Nah, di dua desa tersebut berjajar banyak tempat kursus bahasa, sekaligus camp alias tempat penginapannya. Kurang lebihnya, terdapat 200 lembaga kursus, bahkan lebih. Dan yang perlu kalian ketahui adalah tak semua orang yang tinggal di sana cakap dalam berbahasa Inggris.

Di KIP, selain belajar bahasa Inggris tentunya, saya menjalin banyak pertemuan dengan banyak orang dari Sabang sampai Merauke. Bahkan tak jarang pula yang berasal dari luar negeri. Karena saking banyaknya teman dengan latar belakang yang berbeda-beda, saya merasa betah di sana. Sampai-sampai jarang sekali saya pulang kampung. Kalau boleh jujur, sebenarnya tidak pernah sama sekali.

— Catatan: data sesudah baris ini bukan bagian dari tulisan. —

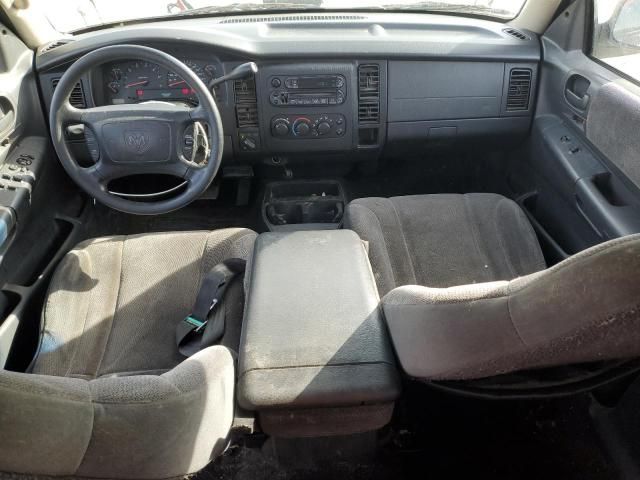 2002 Dodge Dakota Quad SLT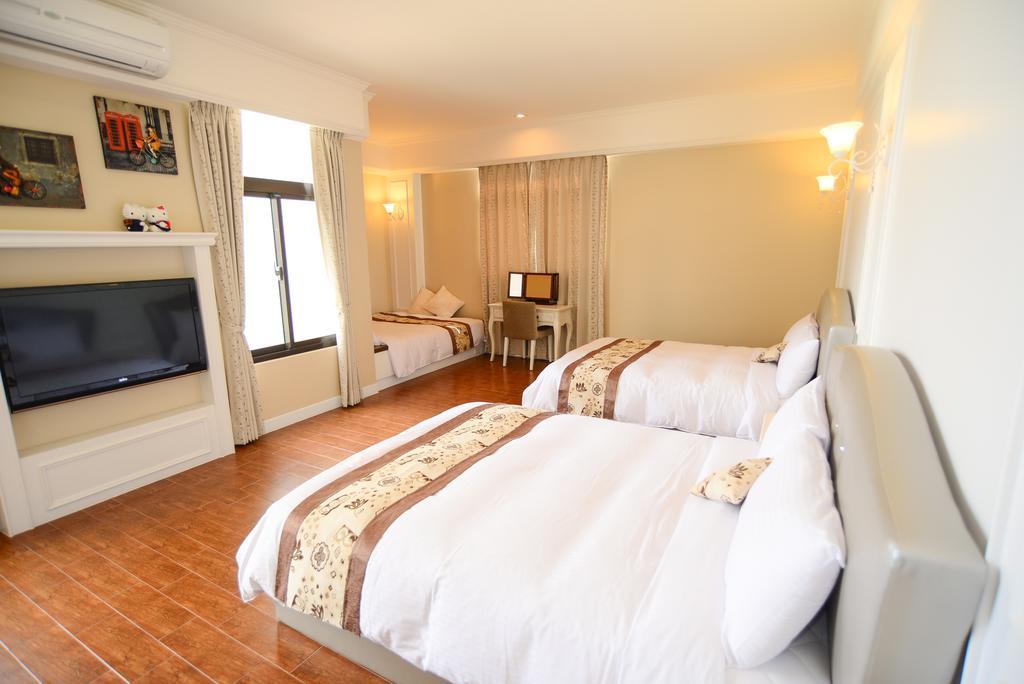 Mix Homestay Magong Zewnętrze zdjęcie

Faktanya, tak hanya saya saja yang merasa nyaman di KIP. Banyak pula teman-teman saya yang mengaku demikian.  

Menariknya, dari sekian banyak orang yang datang ke KIP, tak semuanya punya niatan untuk belajar bahasa Inggris maupun bahasa asing yang lain. Menurut pengakuan banyak orang yang pernah tinggal di KIP, ternyata mereka punya beragam alasan yang membuatnya minggat dari kampung halamannya.

Ada yang berlabuh ke KIP sebab gagal melanjutkan kuliah S1 atau lebih tepatnya ditolak di kampus impiannya. Ada yang dirundung masalah keluarga, fresh graduate yang tak kunjung dapat kerja, pujangga yang ditolak mertua, hingga buaya yang mencari-cari mangsa. Semua tumplek blek di KIP.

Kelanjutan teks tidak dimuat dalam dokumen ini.